Transaction Journals Manage Data Requirements
Transaction Journals Data Overview
Transaction journals record the chronological debiting and crediting of funds. The general ledger summarizes all transactions contained in the transaction journal by account and fiscal year. Each transaction must have an account, either through an account code foreign key or by having each segment/dimensions attribute available in the transaction journal.
Transactions for actuals, encumbrances, and budget amendments can generally be found in a ‘Journal’ or ‘Journal Lines’ table. Debit and credit may be separate columns. Transactions can have any number of custom attributes which are stored as text and supplied as additional columns in the transactions table.

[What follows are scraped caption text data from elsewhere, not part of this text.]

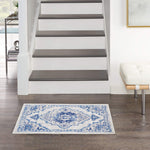 Nourison Whimsicle Vintage Ivory Blue 2' x 3' Area Rug, Easy Cleaning, Non Shedding, Bed Room, Living Room, Dining Room, Kitchen (2x3)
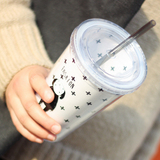 创意韩国饮料果汁杯透明双层吸管杯子学生塑料随手杯带盖个性水瓶
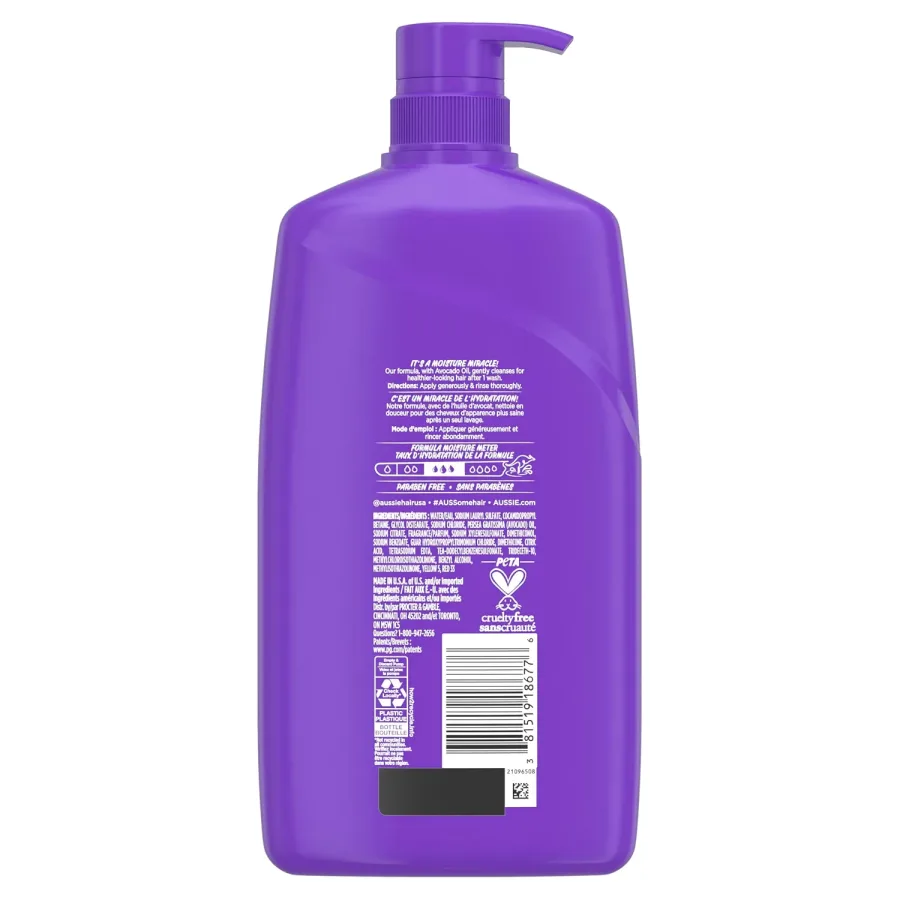 Back label of the Aussie Miracle Moist Shampoo bottle showing directions, moisture meter and ingredient panel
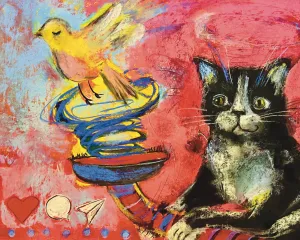 Unbearable closeness, Playful Cat and Bird Pastel Drawing, Whimsical Art for Cat Lovers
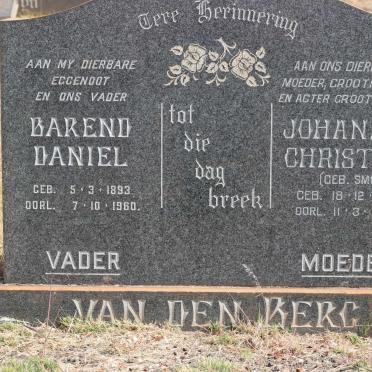 BERG Barend Daniel, van der 1893-1960 &amp; Johanna Christava SMIT 1895-1976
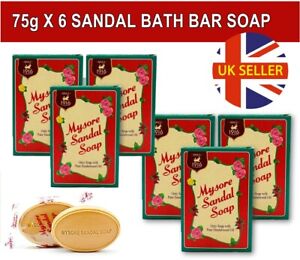 6 X 75g India's Original Mysore Pure Sandalwood Oil BODY FACE Bath Soap Bar UK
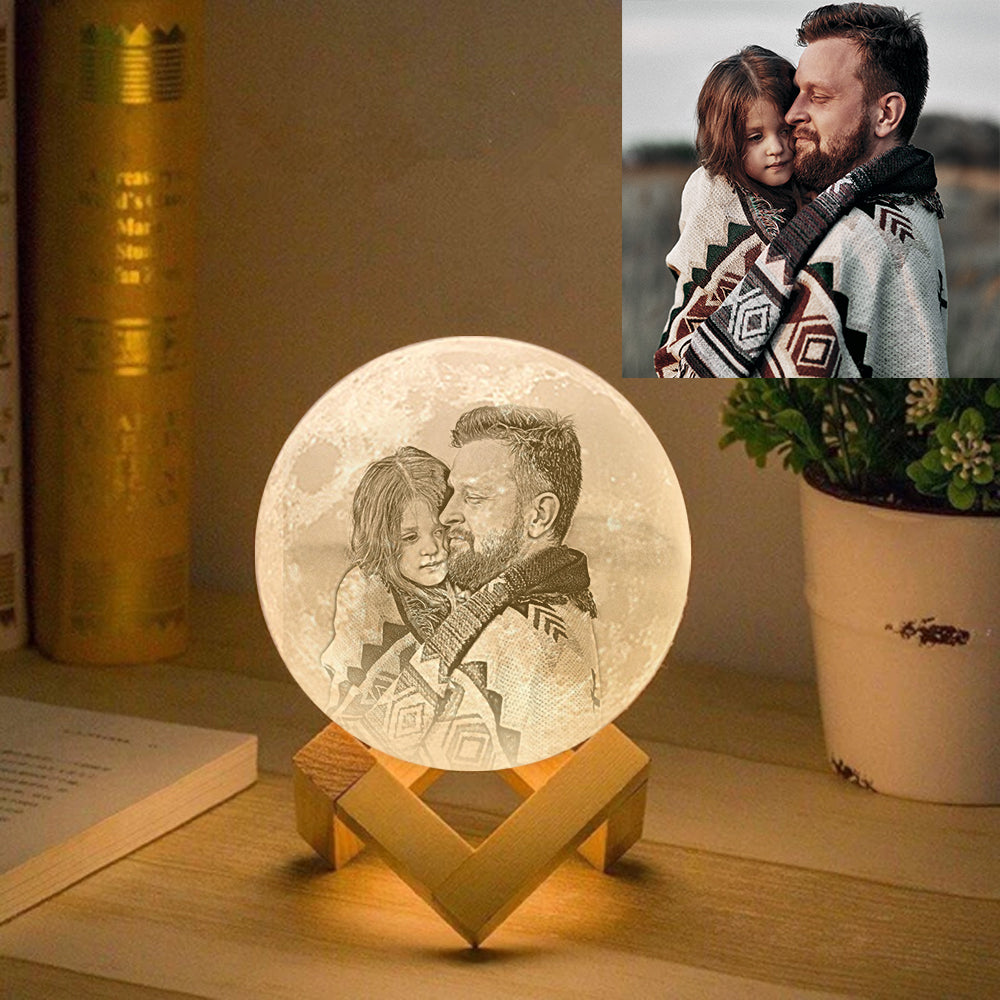 For Dad Personalized Moonlight Lamp With Photo - Custom 3d Moon Lamp - Gift For Dad - Husband Gift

Transaction Journals Data Elements
Element | Description | Example |
---|---|---|
Primary key | Unique identifier for each transaction record. Usually from the Journal Lines table as the atomic unit of a transaction. Can be a composite key of multiple columns. | 1 |
Updated At | Timestamp of the most recent modification to this record, including any joins to tables downstream. | 2001-02-03 04:05:06 |
Account Code | Full account string this transaction is applied to. | 100-20-345-6789 |
Segment Codes | Code for each account segment/dimension. (Typically 3-9 segments) | |
Transaction Date | Date the transaction is recorded and/or effective. | 2001-02-03 |
Description | Reason for the transaction. This should be a line item detail, such as a PO line or invoice line description. | “40 SAT Guides for High School” |
PO Number | The Purchase Order ID or Number the transaction references. | 85963472 |
Invoice Number | The Invoice ID or Number for payments made against POs. | 100123 |
Vendor | The Vendor supplying the purchased service or goods for the expense. | Paper Goods Company |
Amount | The Amount spent from the account. | 123.45 |
Status | The Type of Transaction. | Encumbrance or Actual/Spent or Budget |
Transaction Journals Custom Attributes
Transactions can also have custom attributes. Custom attributes can be supplied in a separate table with a reference to the transaction primary key or supplied in the same table as transactions, with each additional column named for the attribute type. All custom attributes are loaded as text.
Some common custom attributes include:
Check number
Requestor
Requisition ID
Journal source
Transaction Journals Data Validations
Unique by primary key
PO, Invoice, and Vendor are required, but nullable for transactions where they are not applicable.
Transaction date is not null.
Account code is not null.
Amount is not null.
Status matches Encumbered, Spent, or Budget.
Segments or accounting dimensions exist in the segment data.